> EXERCISE AIM: Please copy out the full listing that follows exactly; no picture belongs in the copy.

> SUPPLIED MATERIAL:
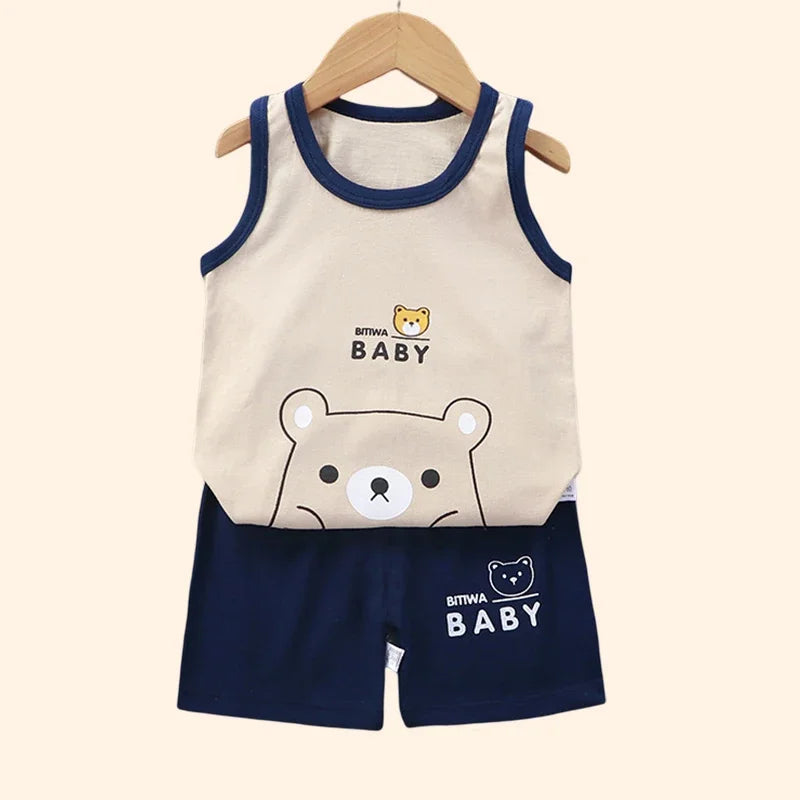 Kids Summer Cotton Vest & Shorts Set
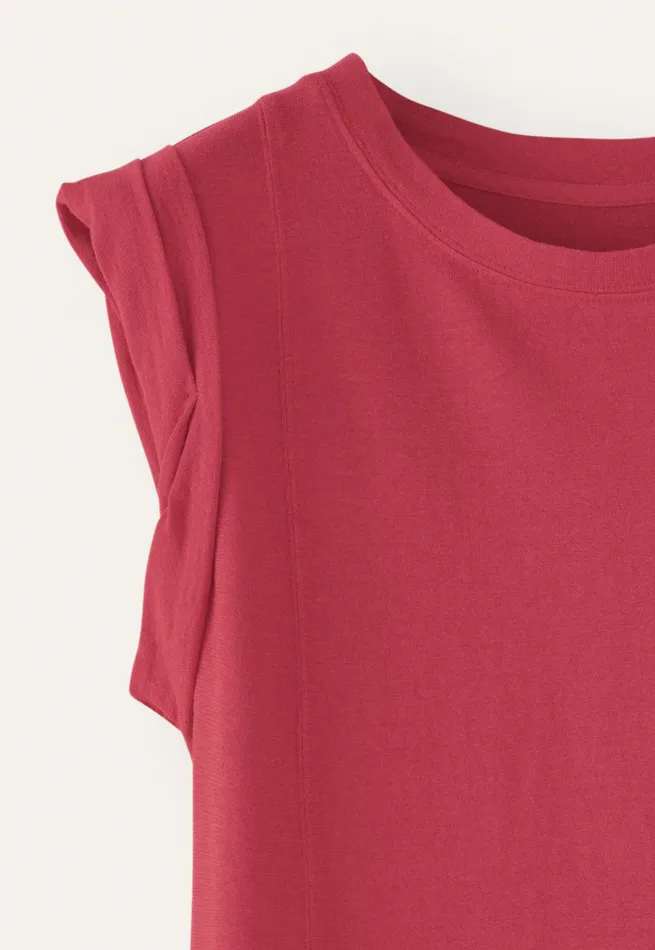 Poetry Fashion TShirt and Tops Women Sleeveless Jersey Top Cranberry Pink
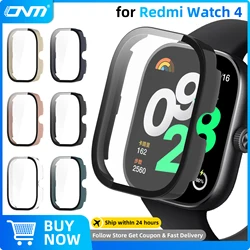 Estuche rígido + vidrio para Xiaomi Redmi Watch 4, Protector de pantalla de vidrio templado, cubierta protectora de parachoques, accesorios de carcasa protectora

> RESULT:
 Kids Summer Cotton Vest & Shorts Set
 Poetry Fashion TShirt and Tops Women Sleeveless Jersey Top Cranberry Pink
 Estuche rígido + vidrio para Xiaomi Redmi Watch 4, Protector de pantalla de vidrio templado, cubierta protectora de parachoques, accesorios de carcasa protectora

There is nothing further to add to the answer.